Error Handling Strategies and Fault Tolerance

Error handling is a system-level design decision, not a per-function one. Mixing strategies in the same codebase is the usual disaster. This page covers the available mechanisms, when each is the right choice, and how to build fault-tolerant systems on top of them.

1. The Mechanisms
2. Picking One: Decision Matrix
3. std::expected (C++23)
4. std::error_code and std::system_error
5. Errors vs Programmer Bugs
6. Fault Tolerance Patterns
7. References

1. The Mechanisms

Mechanism	Cost on success	Failure model	When natural
Exceptions	~Zero (table-based unwinding)	Stack unwinds, RAII releases	Deeply nested calls; rare failures
Error codes / `errno`	One return + check	Caller branches	C interop; embedded; predictable failures
`std::error_code`	One return + check	Strongly-typed code + category	Library boundary errors
`std::expected<T,E>`	One return + check	Pattern match on result	Modern, value-semantic; expressive
`std::optional<T>`	One return + check	Has-value vs not	Failure carries no info ("not found")
`std::variant<T,Errs...>`	One return + visit	Exhaustive match	Multi-error, sum-type style
Boolean + outparam	One return + outparam	Caller checks	C-style
`abort` / `terminate`	Zero	Process dies	Bug; unrecoverable invariant violation

2. Picking One: Decision Matrix

Constraint	Choose
Real-time / embedded with `-fno-exceptions`	`std::expected` or error codes
Library exposed across ABI boundary	`std::error_code` or C-style
Application code, deep call stack, exceptions enabled	Exceptions
Performance-critical hot path, frequent expected failures	`expected`/`optional`
Programmer bug detection (e.g. failed assertion)	`assert` or `std::abort` (not exceptions)
Cross-language (Python/Rust/Go)	C-style return code

The single biggest mistake: using exceptions for expected control flow (e.g. "key not found in map"). Exceptions are zero-cost on the success path but expensive on the throw path — orders of magnitude slower than a return.
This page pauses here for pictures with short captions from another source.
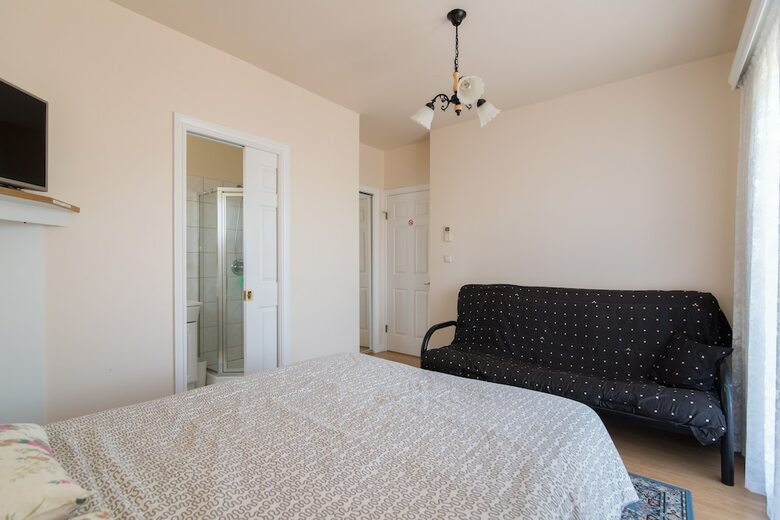 Hostal Apartments Mijajov Dvor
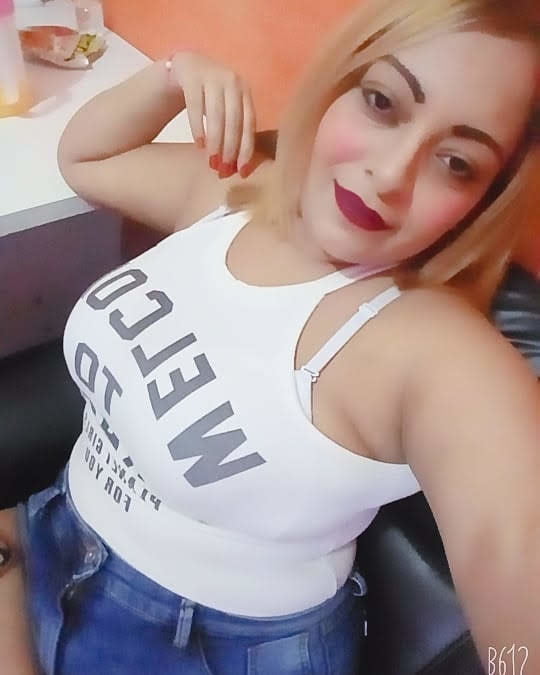 Esposa gordita sexy posando para homenajes, corridas y comentarios
 #88177459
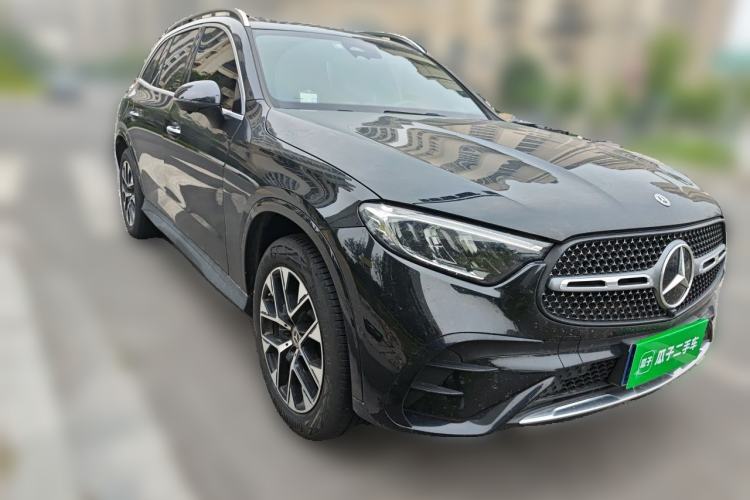 Used Mercedes-Benz GLC 2024 GLC 260 L 4MATIC Dynamic Edition 5-seater Front Right 45 Deg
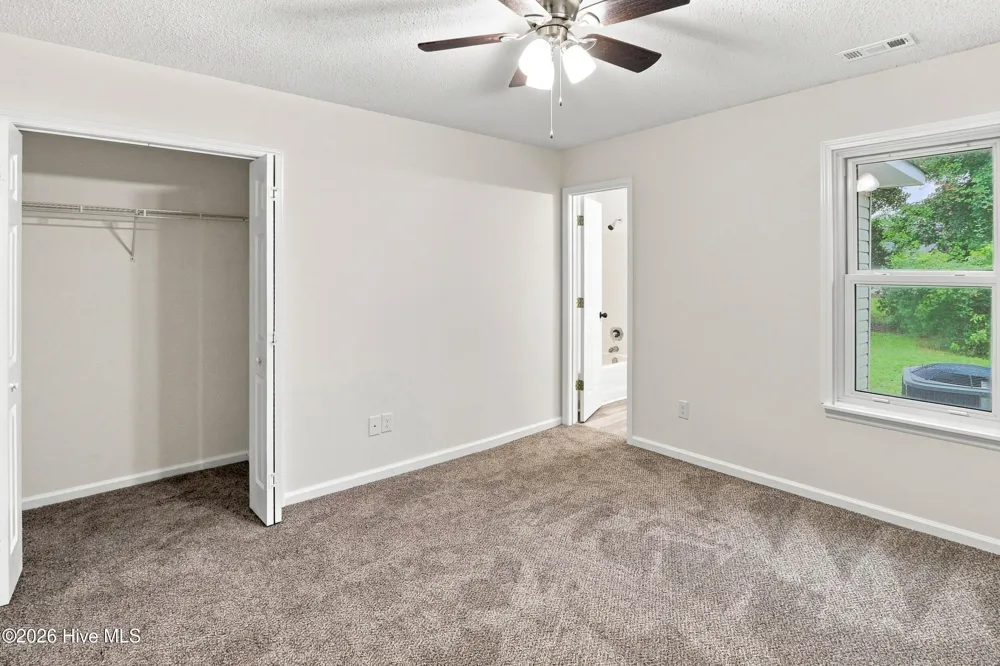 125 Live Oak Court Midway Park, NC 28544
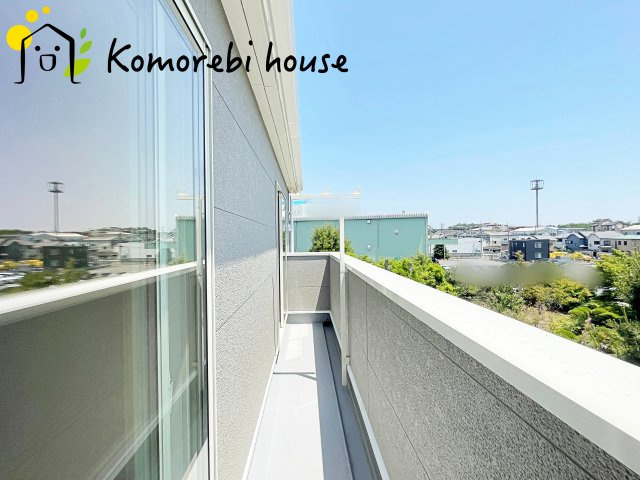 上尾市領家　第2　新築一戸建て　クレイドルガーデン　04のバルコニー|暖かな日差しのふりそそぐバルコニー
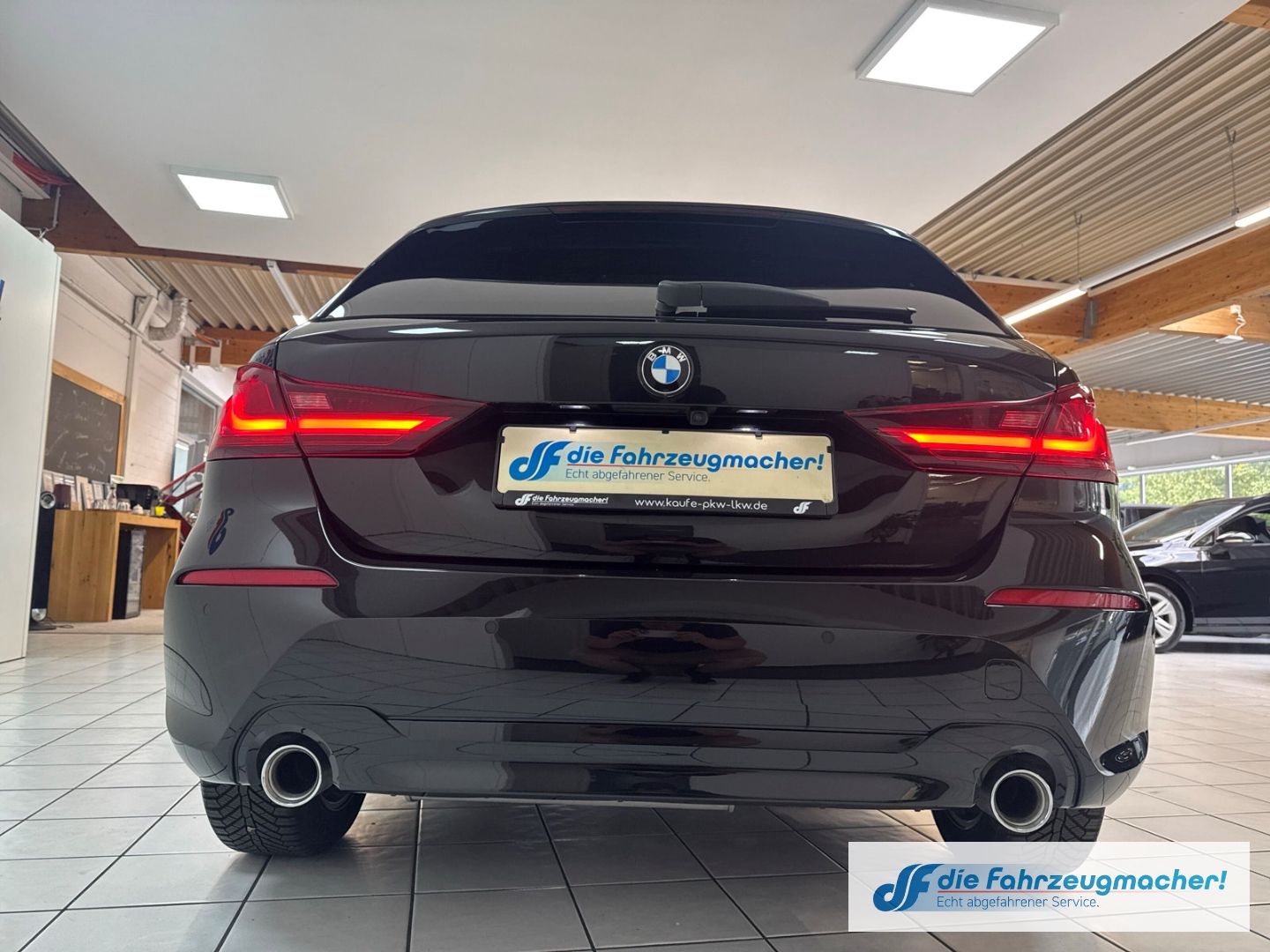 Fahrzeugabbildung BMW 118 d Advantage Navi Digitales Cockpit LED Sperr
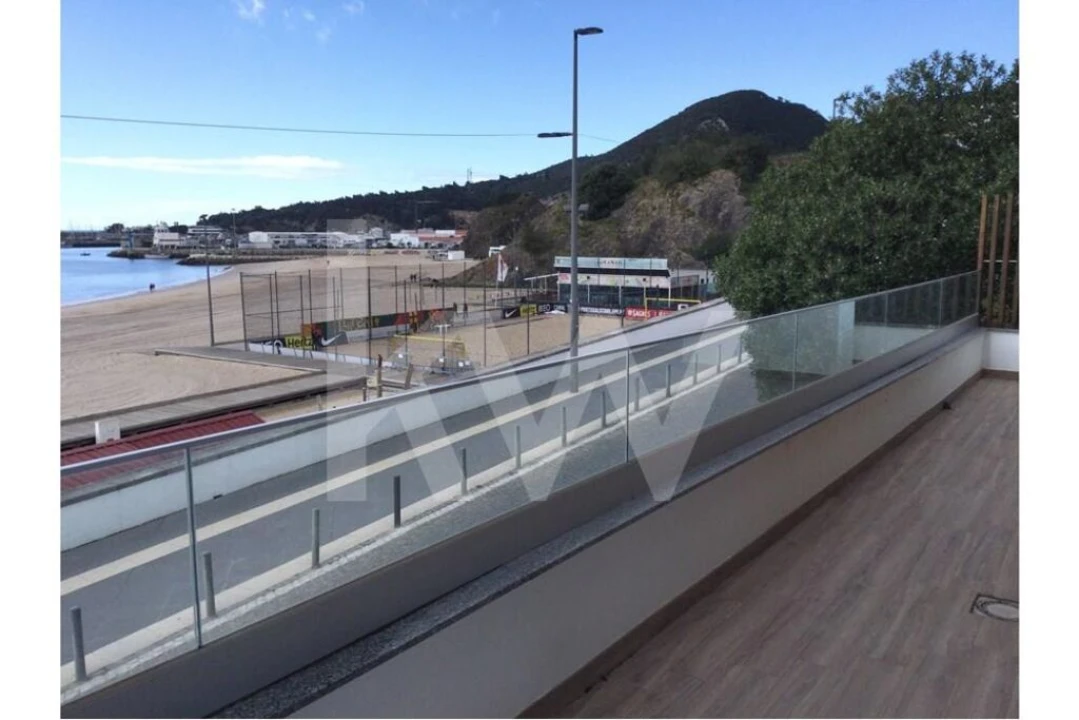 Apartamento T2 para Venda em Sesimbra (Santiago) Foto 1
3. `std::expected` (C++23)

std::expected<T, E> holds either a value of type T or an error of type E.

#include <charconv>
#include <expected>
#include <iostream>
#include <string>

enum class ParseError { Empty, BadDigit, OutOfRange };

std::expected<int, ParseError> parseInt(const std::string& s) {
    if (s.empty()) return std::unexpected(ParseError::Empty);
    int value = 0;
    auto [ptr, ec] = std::from_chars(s.data(), s.data() + s.size(), value);
    if (ec == std::errc::invalid_argument)    return std::unexpected(ParseError::BadDigit);
    if (ec == std::errc::result_out_of_range) return std::unexpected(ParseError::OutOfRange);
    return value;
}

int main() {
    auto r = parseInt("42");
    if (r) std::cout << *r << "\n";
    else   std::cout << "error: " << static_cast<int>(r.error()) << "\n";
}

It also supports monadic chaining (and_then, or_else, transform):

std::string input = "42";
auto result = parseInt(input)
    .transform([](int x) { return x * 2; })
    .or_else([](ParseError) { return std::expected<int, ParseError>{0}; });
// result holds 84 on success, or 0 if parseInt failed.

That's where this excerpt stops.